World Championships silver in bag, Amit Panghal eyes Olympic glory

Amit Panghal, who became the first Indian male boxer to win a silver medal at the World Championships, has set his eyes on the 2020 Tokyo Olympic Games.

Amit Panghal is the first Indian male boxer to win a World Boxing Championships silver medal.   -  SPECIAL ARRANGEMENT

It was a historic Saturday for Indian boxing. Up until this week, no Indian boxer had bettered a bronze medal at the World Championships. The moment finally arrived when Amit Panghal scripted history by winning the silver medal at the Worlds. The journey hasn't been easy. From Rohtak to Russia, boxing against odds, the pint-sized pugilist has come a long way.

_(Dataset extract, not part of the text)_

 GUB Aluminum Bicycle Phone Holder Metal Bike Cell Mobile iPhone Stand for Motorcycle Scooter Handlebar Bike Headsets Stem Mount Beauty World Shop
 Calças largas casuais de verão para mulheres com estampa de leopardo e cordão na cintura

READ: Amit Panghal bags silver in boxing world championships

"It was a surreal moment when I entered the ring. I knew it was going to be tough but I gave it all I had. Gold is what I dreamt of, but I am happy with the silver," Panghal told Sportstar from Russia.

His salute after winning a bout has now become a trend, but it's the Indian flag on his jersey that he lives for. "India, Bharat" he pauses, with a bundle of emotions choking him. "It's a dream to wear this (India) jersey. To represent my nation is an honour and I would like to thank my brother Ajay who encouraged me to take up the sport. I believe one day I can become the World Champion," he said.

Amit Panghal being congratulated for winning the silver medal after the final bout at the 20th AIBA World Boxing Championships.

Amit Panghal being congratulated for winning the silver medal after the final bout at the 20th AIBA World Boxing Championships.   -  Getty Images

Traditionally, taller boxers have an advantage as it gives them a greater reach. In the final, Panghal, 5'2", was up against a taller boxer yet again.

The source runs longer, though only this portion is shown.